In May, the Securities and Futures Commission launched a consultation on proposals to enhance protection given to individual professional investors and their investment companies or trusts.
If adopted, the proposals would amend the code of conduct for intermediaries that come under the SFC’s supervision – licensed corporations and registered institutions that conduct securities business. The proposals come on the back of the SFC’s own review in October of the selling practices of licensed corporations.
The proposals should also be viewed in the context of the greater protection afforded to “retail” investors. For example, witness the recently announced proposed multimillion-dollar settlement between RBS and several hundred retail investors in connection with alleged misselling claims relating to Lehman equity-linked notes. Professional investors are excluded from that settlement. Other banks have been “persuaded” by the SFC and the Hong Kong Monetary Authority to settle similar claims.

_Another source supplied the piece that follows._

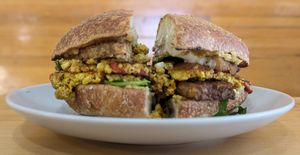 Breakfast Sammie at Sweetpea Baking Company in Portland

But professional investors who have commenced court proceedings against banks for alleged mis-selling practices have not fared well in Hong Kong. In particular, Banks and intermediaries have been astute in relying on contractual terms and conditions, “disclaimers” and the like, to absolve them of liability.
Who is a professional investor?
In lay jargon, a professional investor is a “high-net-worth individual”. For the purposes of the SFC’s Professional Investor Rules, a professional investor includes (among others) an individual with a portfolio of not less than HK$8 million (or the foreign-currency equivalent) or his or her investment vehicle with a portfolio of not less than HK$8 million or total assets of not less than HK$40 million. What proposals and why? At the heart of the SFC’s proposals is a bid to stop banks and intermediaries who make investment recommendations hiding behind contractual disclaimers (the small print).

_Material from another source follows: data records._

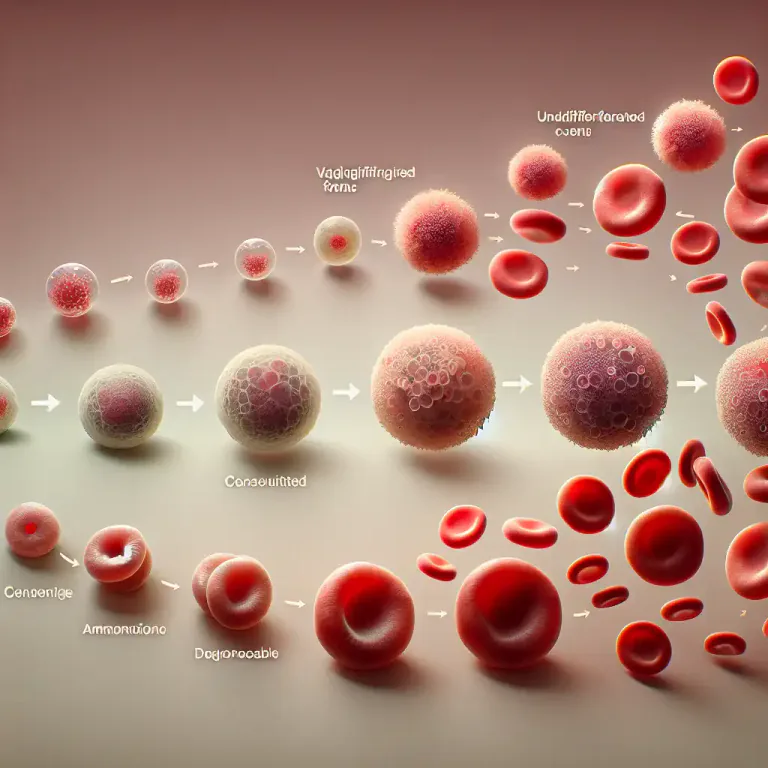 Visual representation of "maturation" - In biology, the process during which a cell changes into another type of cell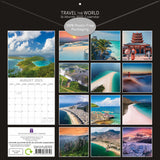 Calendars, Organisers & Planners: Travel the World 2025 Square Wall Calendar 16 Months New Year Xmas Planner Gift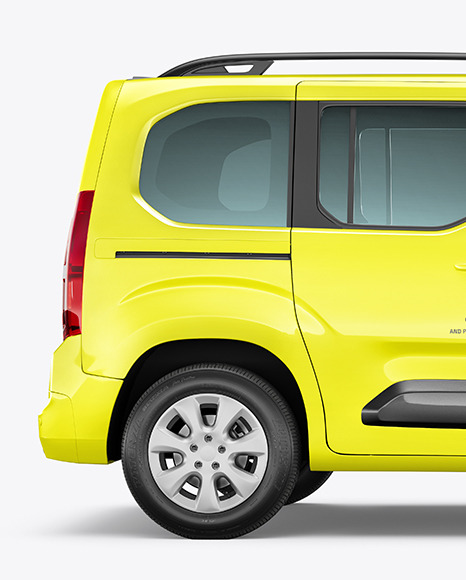 Van Mockup - Side View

There has been concern that certain banks and intermediaries purport to act on an “execution only” basis (i.e. simply carrying out client instructions) when, in fact, they are making recommendations to investors.
Indeed, in its consultation paper, the SFC refers to an example of a bank purporting to act on an “execution only” basis despite the fact that “the intermediary had made recommendations and had given views about investments”.
The case in question went to trial in Hong Kong last year. The court found that the bank was entitled to rely on its contractual terms and did not owe a duty to the investor to advise or to warn of risks (among other things).
The courts have also been reluctant to find that the code of conduct overrides the express contractual terms between a customer and a bank; hence the banks’ reliance on disclaimers. In short, sanctity of the contract appears to reign for now between banks and high-networth investors.
With that in mind, the SFC’s consultation makes a number of proposals.
At the heart of investor protection is the “suitability requirement” (paragraph 5.2 of the code). In short, when making a recommendation, intermediaries should ensure that it is suitable in all the circumstances.
The SFC proposes that intermediaries comply with all the code’s requirements when dealing with individual professional investors and their investment vehicles.
The SFC also proposes that client agreements should not contain terms that are inconsistent with the code or that misdescribe the services to be provided.
Where is this headed and when?
The consultation closed on August 14. The banks’ representatives are likely to have had much to say. However, the SFC is on something of a roll at the moment, and, in light of public dissatisfaction with banking malpractices, appears to have a strong hand to play.
Correction: an earlier version of this article carried a photo of Martin Wheatley, former Chief Executive of the Hong Kong Securities and Futures Commission. The photo has subsequently been updated with that of the current SFC CEO Ashley Alder.